# Input for this task
/---

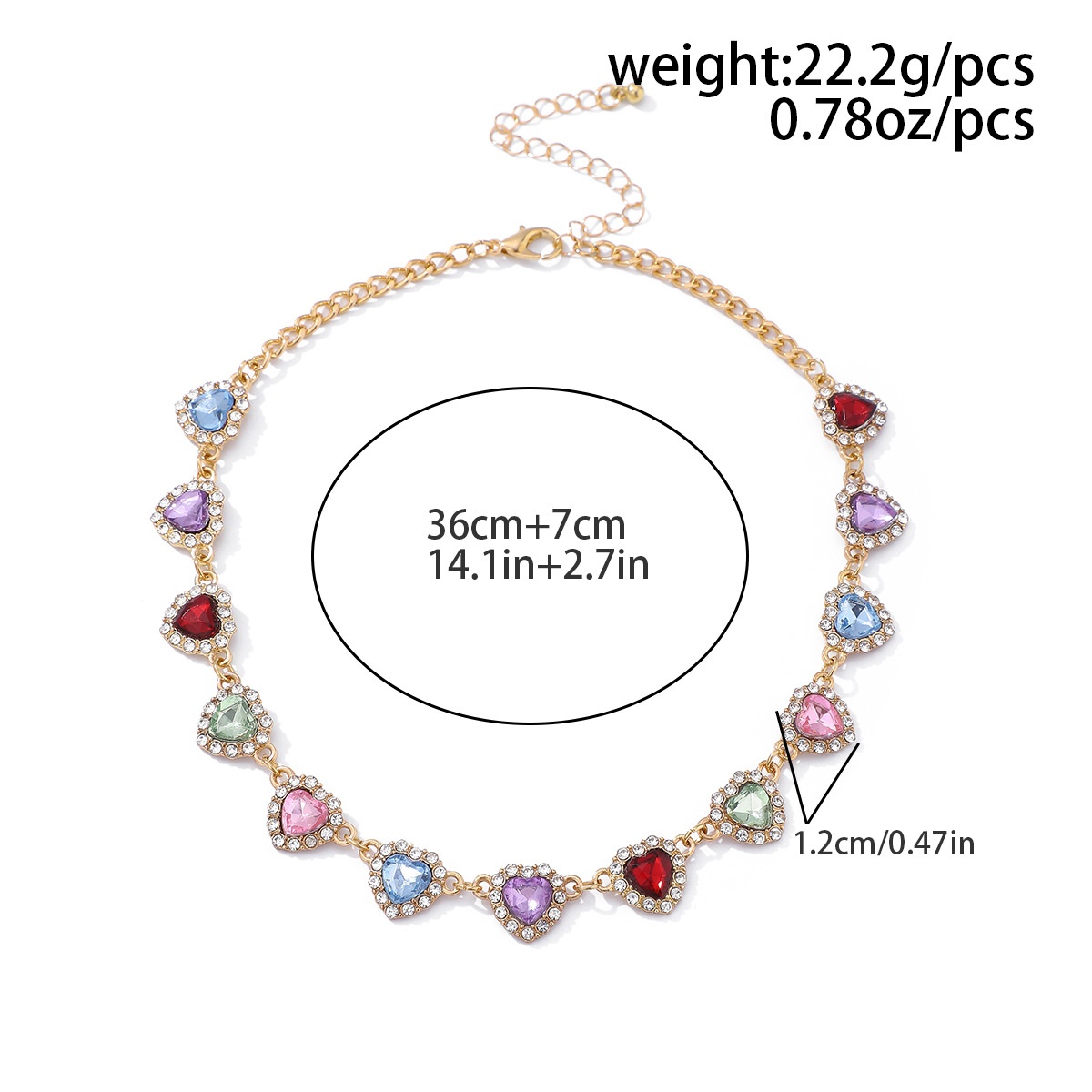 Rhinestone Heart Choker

\---
/---

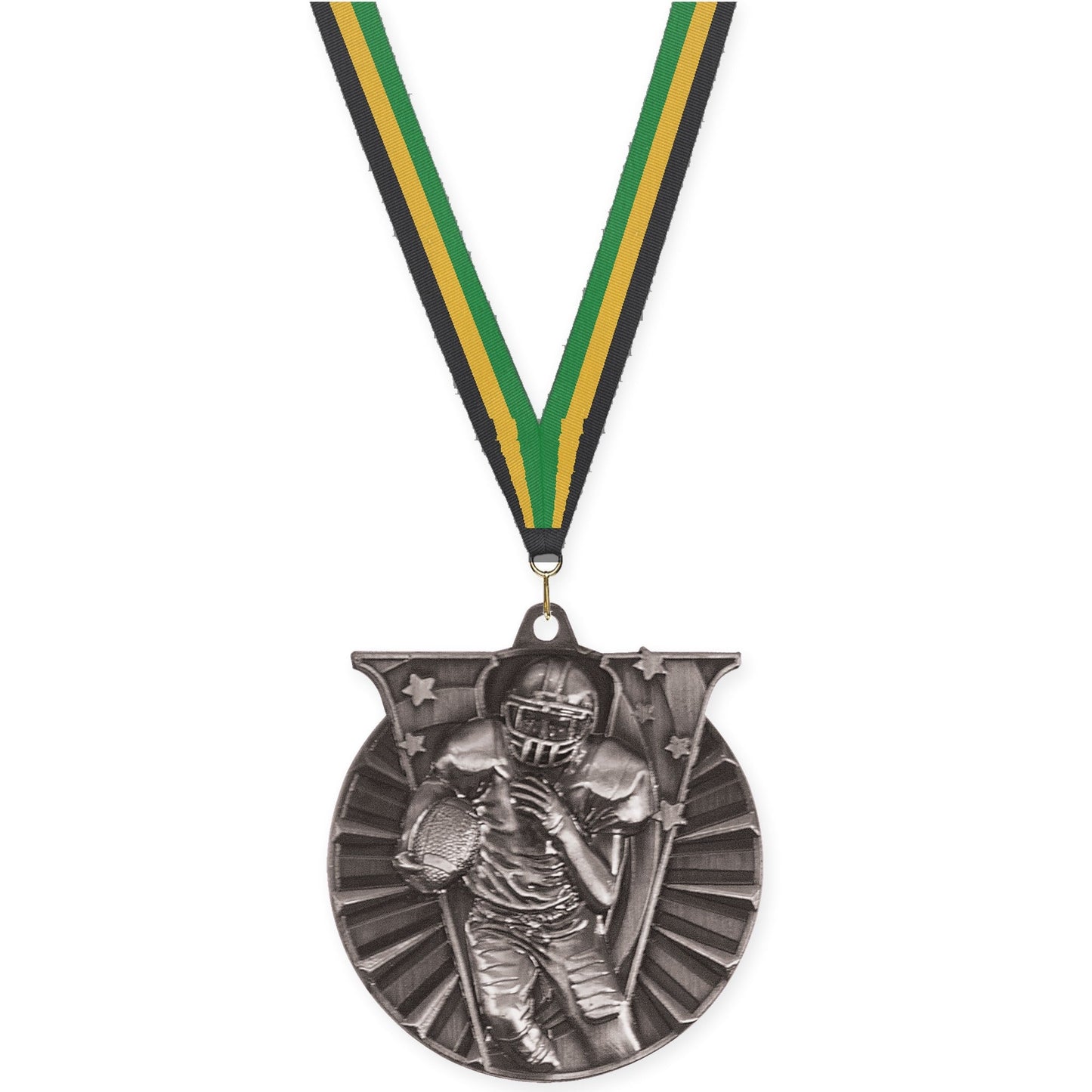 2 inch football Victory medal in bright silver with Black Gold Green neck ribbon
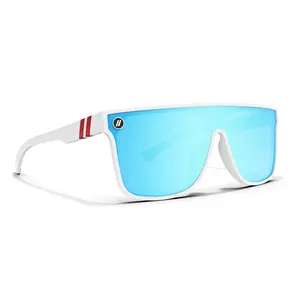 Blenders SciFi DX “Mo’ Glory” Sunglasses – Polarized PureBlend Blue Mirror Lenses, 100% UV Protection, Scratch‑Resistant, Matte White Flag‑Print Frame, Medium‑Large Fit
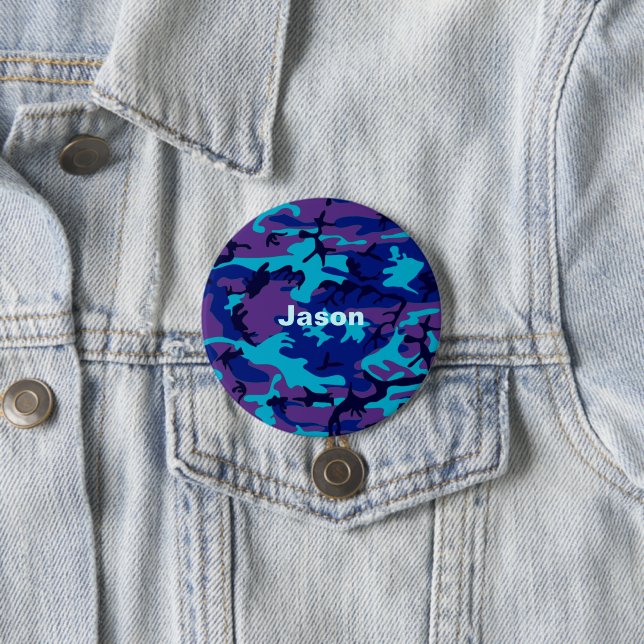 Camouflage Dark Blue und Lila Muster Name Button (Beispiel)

\---

# Assignment
Going back to the data above, write out everything from the line with "2 inch football" down to the line with "Camouflage Dark Blue", both included, leaving every picture out.

# Expected output
 2 inch football Victory medal in bright silver with Black Gold Green neck ribbon
 Blenders SciFi DX “Mo’ Glory” Sunglasses – Polarized PureBlend Blue Mirror Lenses, 100% UV Protection, Scratch‑Resistant, Matte White Flag‑Print Frame, Medium‑Large Fit
 Camouflage Dark Blue und Lila Muster Name Button (Beispiel)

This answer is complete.